§ **Data for processing**

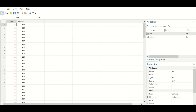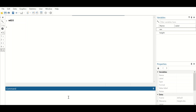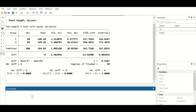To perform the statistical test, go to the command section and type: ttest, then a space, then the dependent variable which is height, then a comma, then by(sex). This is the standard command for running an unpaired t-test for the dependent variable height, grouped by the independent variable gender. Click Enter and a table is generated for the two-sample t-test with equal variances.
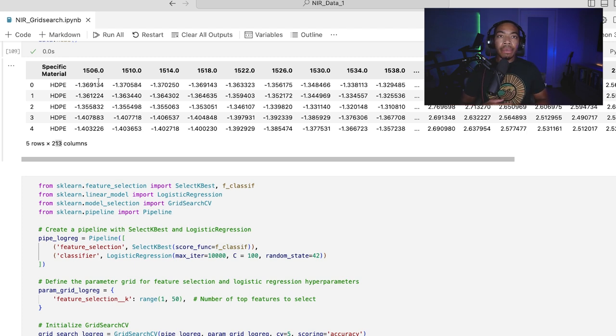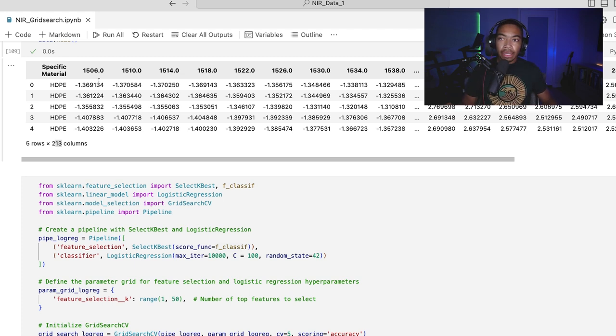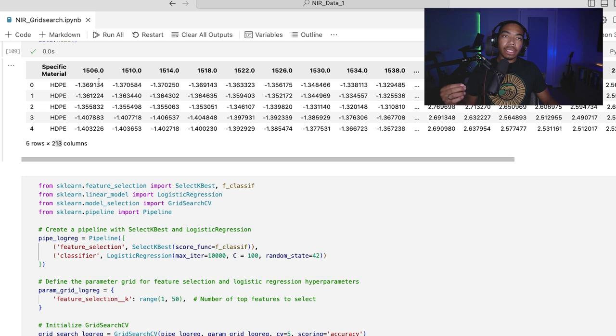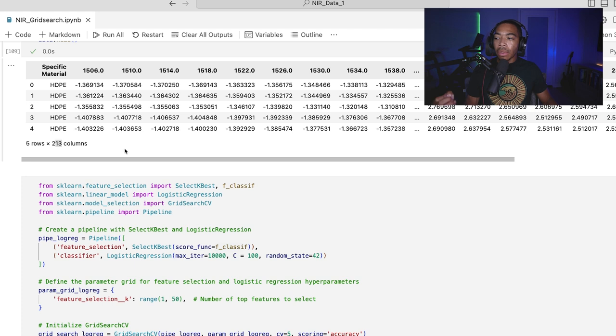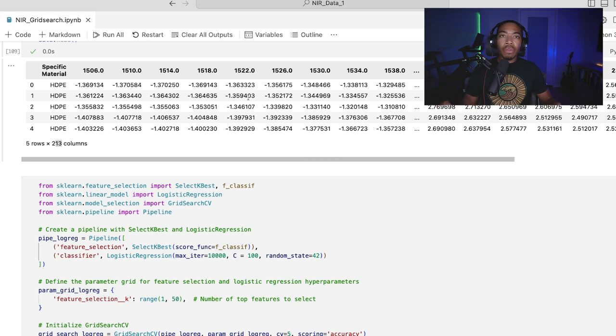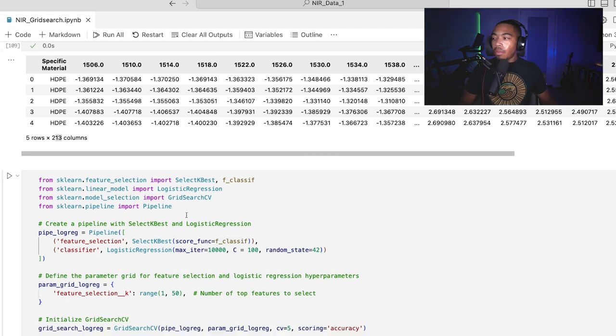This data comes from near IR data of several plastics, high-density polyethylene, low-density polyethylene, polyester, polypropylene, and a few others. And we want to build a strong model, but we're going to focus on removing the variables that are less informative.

---

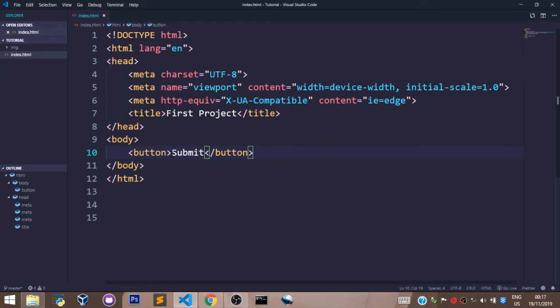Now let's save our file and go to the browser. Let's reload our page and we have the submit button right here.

==

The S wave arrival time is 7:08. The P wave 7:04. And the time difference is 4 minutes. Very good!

§ **What to do**
Given the listing above, retype only the span of lines from the line with "To perform the" up to and including the line with "This data comes", exactly as it stands and without pictures.

§ **Answer section**
To perform the statistical test, go to the command section and type: ttest, then a space, then the dependent variable which is height, then a comma, then by(sex). This is the standard command for running an unpaired t-test for the dependent variable height, grouped by the independent variable gender. Click Enter and a table is generated for the two-sample t-test with equal variances.
This data comes from near IR data of several plastics, high-density polyethylene, low-density polyethylene, polyester, polypropylene, and a few others. And we want to build a strong model, but we're going to focus on removing the variables that are less informative.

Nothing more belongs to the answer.